FPÖ: ÖVP-Chef-Witzbold Wolf greift wieder tief in die Schmutzkiste, Grüne und Tourismus

Eisenstadt, 27. 10. 2016 –

Mit den Worten, die „WiBuG sei in den letzten 15 Monaten ausschließlich einer rot-blauen Umfärbeaktion zum Opfer gefallen“, eröffnete der wirtschaftspolitische Horror-Clown Wolf einen regelrechten Reigen an WiBuG-Bashing seitens der ÖVP.
 

FPOe

LAbg. Mag. Johann Richter, FPÖ

Ganz und gar nicht zum Lachen findet das der freiheitliche Wirtschaftssprecher Mag. Johann Richter, der sich einmal mehr genötigt sieht, wirre Behauptungen der Opposition mit der Wahrheit zu konfrontieren: „Es gab seit dem Amtsantritt von Wirtschaftslandesrat Petschnig exakt zwei personelle Änderungen in der WiBuG. Zum einen legte Geschäftsführer Franz Kast – freiwillig (!) – seine Funktion zurück, und zum anderen wurde der Südburgenlandmanager (Anm.: die Position war historisch ein Wunsch der ÖVP!) Werner Unger bestellt“. Ansonsten arbeitet in der WiBuG bis dato exakt das gleiche Personal, welches bereits unter der politischen Ägide von Franz Steindl tätig war. „Die von der ÖVP kritisierte Vetternwirtschaft mag bis zu diesem Zeitpunkt aber durchaus üblich und akut gewesen sein“.

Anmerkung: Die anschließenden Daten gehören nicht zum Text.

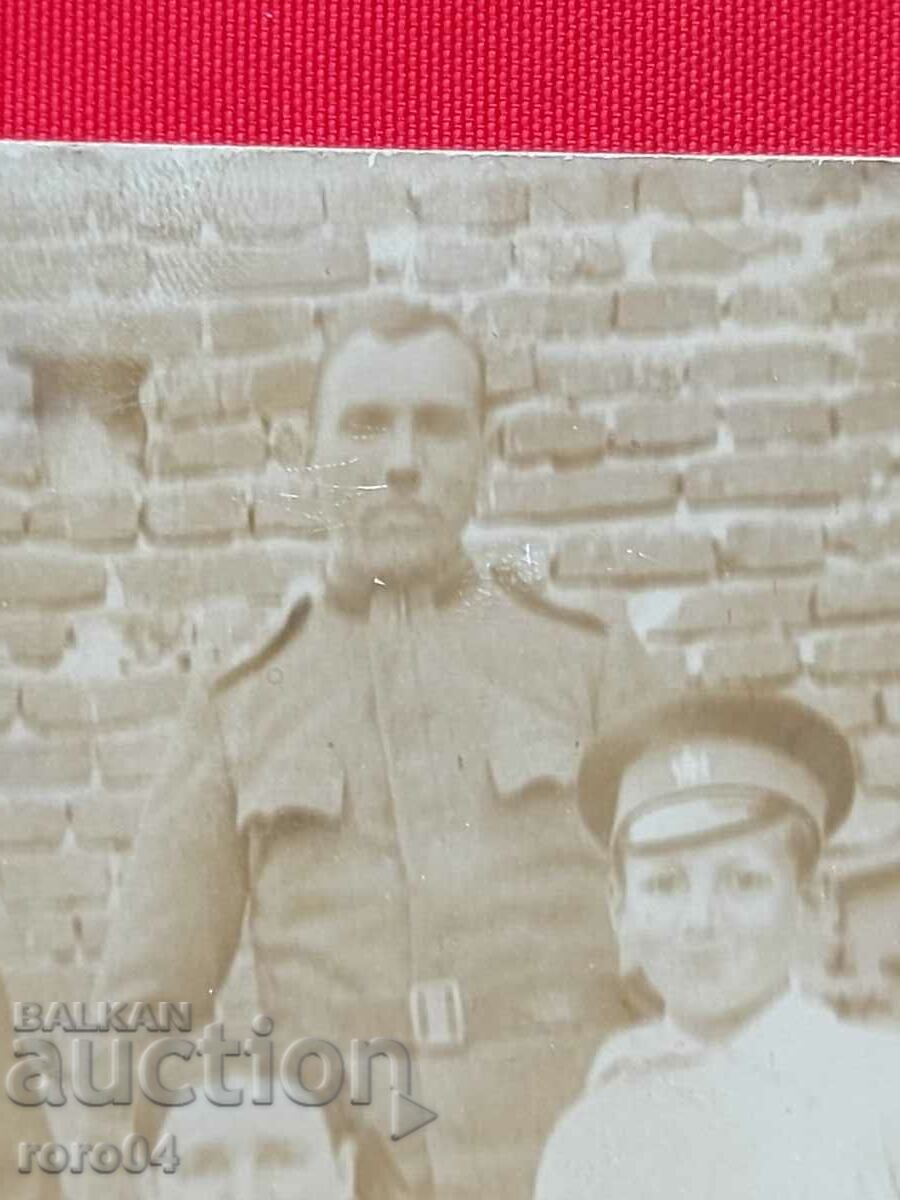 Аукцион СТАРА ВОЕННА ФОТОГРАФИЯ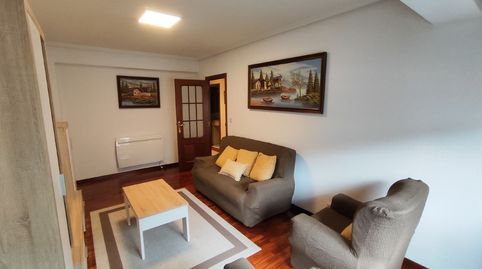 Photo 5 of Flat for rent in Monasterio de Caaveiro, Agra del Orzán - Ventorrillo, A Coruña Capital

Unmöglich ist es, den von Wolf herbeiphantasierten ´blauen Prokuristen´ in der WiBuG ausfindig zu machen. „Eine solche Person gibt es schlicht und einfach nicht! Ich mache mir um den Kollegen Wolf langsam wirklich Sorgen“, so Richter.

Auch inhaltlich hat Wolf augenscheinlich wenig Gehaltvolles beizutragen. Seine Kritik, den Unternehmen würde kein Kapital (sic!) zur Verfügung zu gestellt, lässt sich sehr leicht entkräften. Das Gegenteil, nämlich die in Folge der sich ständig weiter verbessernden Stimmung in der burgenländischen Wirtschaft sukzessive erhöhten Investitionsneigung, die im Rahmen der Förderkommission auch der ÖVP-nahen Wirtschaftskammer nicht entgangen sein sollte, liegt offen auf dem Tisch. „Sprechen müssen ÖAAB-Wolf und Wirtschaftskammer aber schon selbst miteinander“, so Richter, „denn für die bündischen Eigenbrötlerein in der schwarzen Hemisphäre habe ich herzlich wenig Verständnis“.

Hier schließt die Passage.